As Monica played with Jason, pinching his cheeks and saying how much he had grown, Brian tried to remember the exact words she had used the last time they had met in his house.
He thought aloud, ‘…reprehensible… juvenile… satyriasis-suffering… intellectually-overreaching… louse…’
She turned towards him, not playing any more.
‘You’re a bastard, too, for cherishing the hurt, Brian. You just paid me back, we’re even. Now, can we start from scratch?’
Well, Debbie
had
been getting on his nerves. That relationship was reaching its critical mass about now. And Monica was still Something Special.
‘It’s not that easy, Monica. I’m kind of involved, but I’m sure we could…’
For an instant, her face was a Japanese dragon mask of anger.
‘Not like
that
, Brian! Not ever again in a million years like
that
! I need help.’
His twinge went away.
He had called her a couple of things too, ‘ball-breaking bitch’ chief among them. After Jean, that had been the worst of the break-ups, perhaps because both of them had wanted to cling on even after it was obvious nothing would work out. Still, he did not get to meet damsels in distress every day of the week.
‘Help? You’ve got it. Get that coffee from the kitchen while I settle Jason in front of the video, would you?’

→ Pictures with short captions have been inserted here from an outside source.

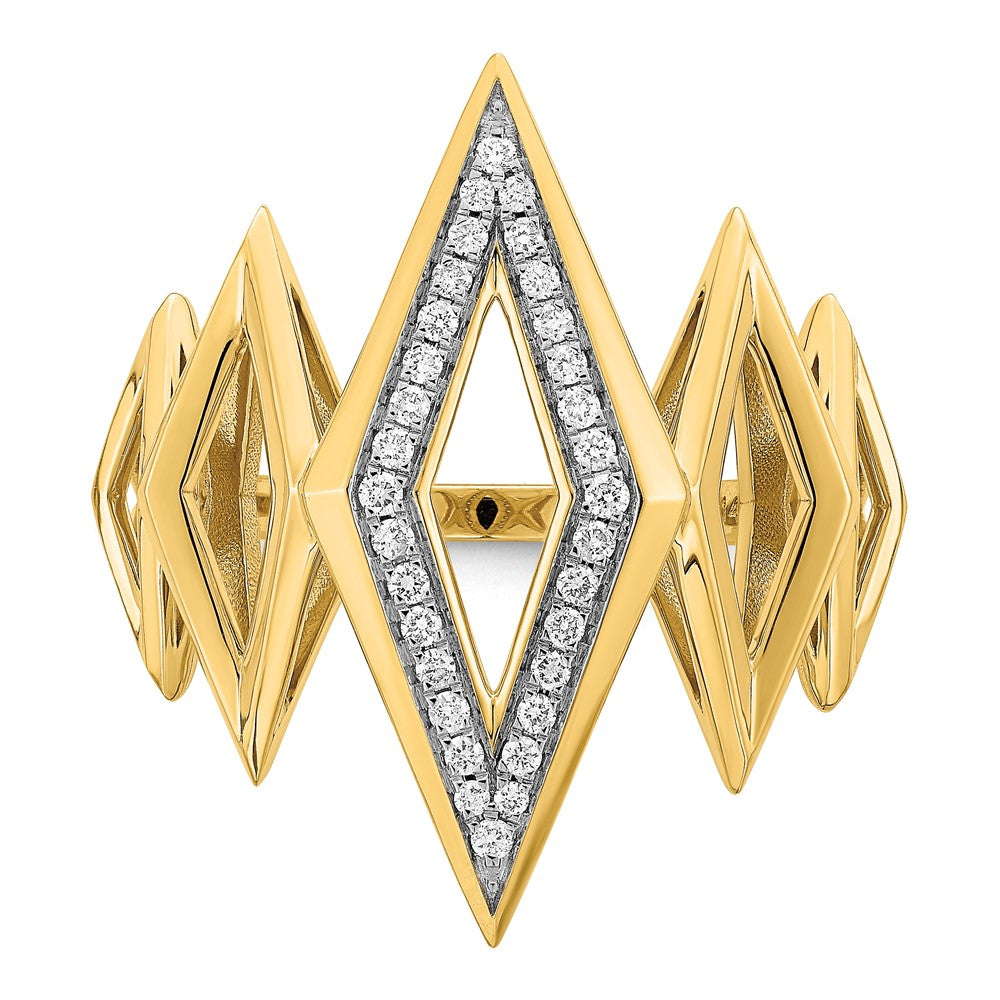 Polished 1/5 carat Diamond Fancy Geometric Ring - WBC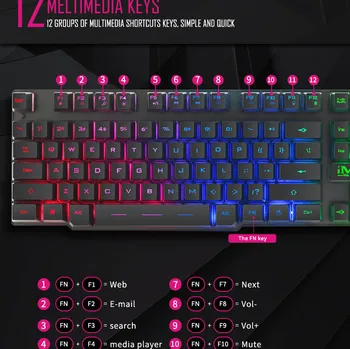 

20#IMice AK-600 Backlight Suspension Key Wired Mechanical Keyboard Game Wired PC Notebook Office Gaming Keyboard for LOL/PUBG/CF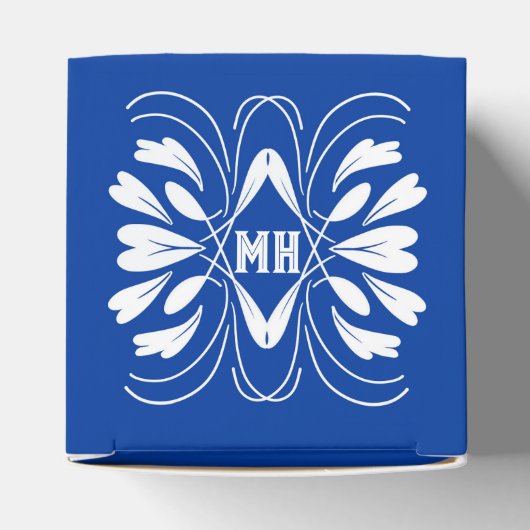 Monogrammed Elegant Royal Blue Custom Favor Box Bedankdoosjes (Bovenkant)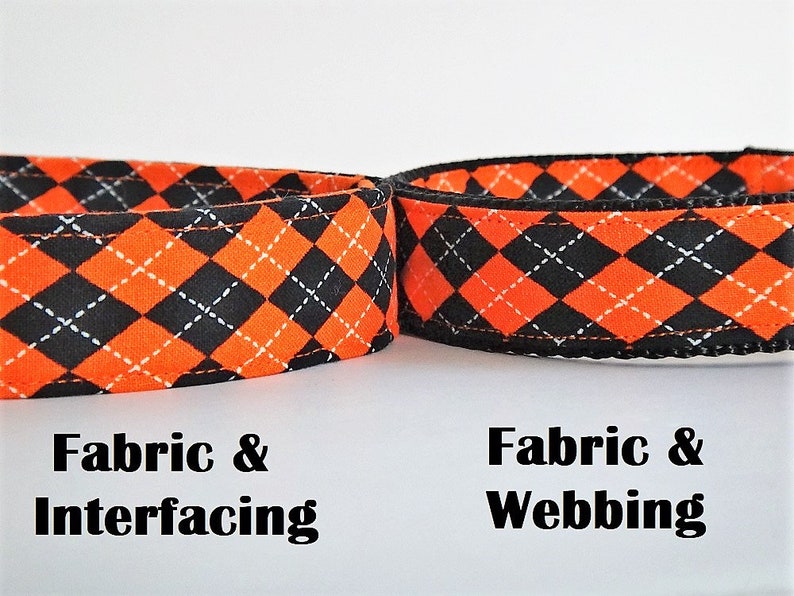 May include: Two close-up images of a black and orange diamond patterned fabric. The image on the left shows the fabric with interfacing, while the image on the right shows the fabric with webbing.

Without argument, she was gone. Jason jumped up and down, shouting, ‘Cowabunga, cowabunga!’
‘Yes, the Turtles, although it’ll rot your brain out. You ought to be graduating to
Star Trek
pretty soon.’
He found the tape, and slotted it in the machine. The television winked on, and cartoons filled the screen. He had told Debbie he was thinking of doing a paper on the marketing phenomenon of the
Teenage Mutant Hero Turtles
, but the truth of it was that he liked crap too. There were nearly three hours’ worth of episodes on the tape. That would give him time for Monica.